I’ve seen some merchants where the Page Contents (Html) are not stored in the Item’s body_html field. I think it has to do with PageFly perhaps, or some other page management systems - which may be saving the contents somewhere else (maybe privately). I can’t say I’ve spent a lot of time tracking it all down, but I’ve seen it several times, and added some options to simply scrape the pages.
If you’re familiar with any of these types of scenarios, and some common ways to work around them, I’m all ears!
Thanks for sharing that. To make sure your assumptions are the actual issue? Do you have an x-request-id from one of the 429 responses you’ve received recently, preferably from one of your development stores. I can check our logs to confirm this is the case.
From there, my SEO knowledge is probably average, so I’m not fully aware of how other SEO tools that do similar scraping manage this. One thought is to see if it would work to use the API to get the bulk of the information you need and then scrape to fill in the gaps? Alternatively, use webhooks (like product update, collection update, etc) to help narrow down just the resources that may need to be re-scraped.
It may be worth testing to see if updating the shops robot.txt to allow your crawler may help as well. Customize robots.txt
I’ve been watching the 429 issues for a few days now. It really looks like you guys ramped up the “aggressivity meter”. Can you check back with the team responsible and confirm or deny this?
1 Like
Having similar issues using Screaming Frog. Seems like 429 errors are getting way more aggressive.
Hey Kevin, do you have a request id from one of these responses to help us pinpoint one of these occurrences?

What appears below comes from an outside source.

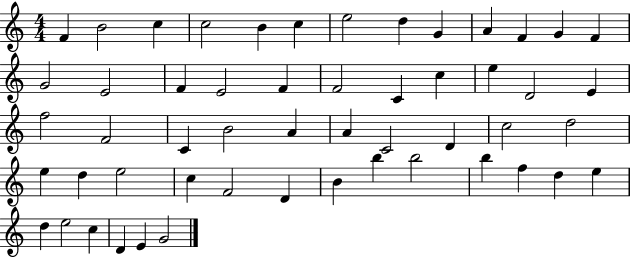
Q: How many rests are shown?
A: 0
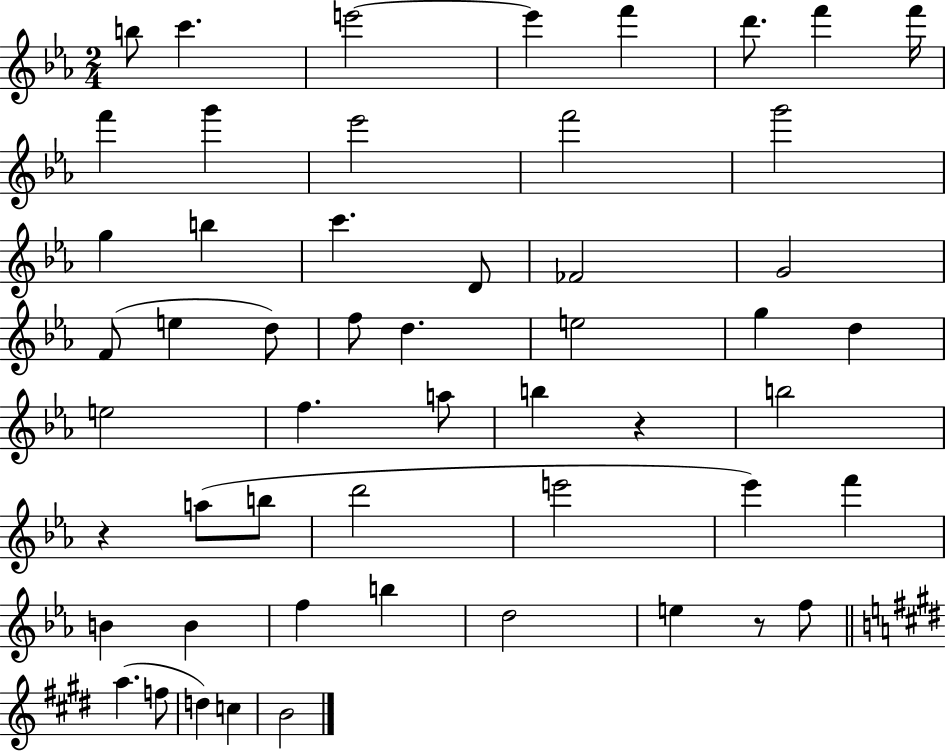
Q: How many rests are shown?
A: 3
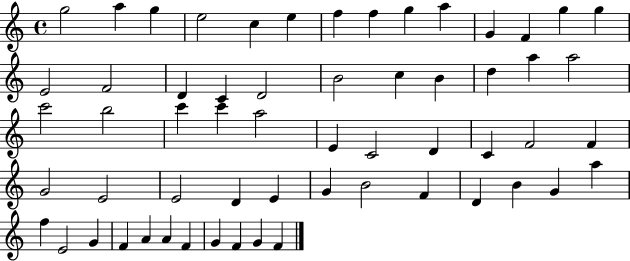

Sadly I can’t provide you with request ids at the moment, but requests originated from 2001:4860:7:610::fb / 62.143.48.37 for store https://schleiftitan.myshopify.com/
Will try to gather more from team.
Kevin 
1 Like
When we use CURL - there are no request ids. It’s not part of the API. Its direct server access to the webpage. That’s why screaming frog would have similar issues.
Would there be anything to identify this request that’s being sent with the 429 error you are seeing?
Kyle, this issue can only be addressed by asking the team responsible for setting the HTTP 429 Error codes on the merchants sites, if they have recently modified it.
They may have only done so on the ‘.myshopify.com’ domains. They may also be interested to know that it is causing some issues.
We would like to know what they say about it.
You personally, would have no knowledge of this, it wouldn’t be written in any docs, and you wouldn’t be able to detect this issue since you don’t seem to know what an HTTP 429 error code is, or how to generate one. ie. you need to use curl from a server to make GET calls to a merchant website domain.
Do any questions from this forum reach any of the responsible teams? You can’t possibly be able to answer all these questions yourself, without consulting with others, right?
Thanks again for the additional context Jason. Happy to unpack this further:
You are 100% right, there’s no way I could possibly answer every question without help. In this case, our storefront team has reviewed this thread. They noted there is room for improvement in our docs around rate limits. With that in mind, they have the following suggestions:
- implement pacing on your crawl rate
- correctly advertise your User-Agent (do not hide it)
- apply to cloudflare’s verified bots registry
I would like to share a little context around our internal processes to assure you that questions we respond to aren’t ignored and going off in to the void.
Before bringing issues to our developers, we want to ensure we have as much context as we can gather. Replicating when possible, and finding details in our logs when replication isn’t possible. This ensures we are getting the issue to the correct team and that they have all the necessary details to address it properly. In this case, while I now realize you don’t have clean response headers like with an API request (thank you), details like user-agent, the URL being crawled and a timestamp could have still helped us narrow this down.
Let me know if there’s any other way I can help.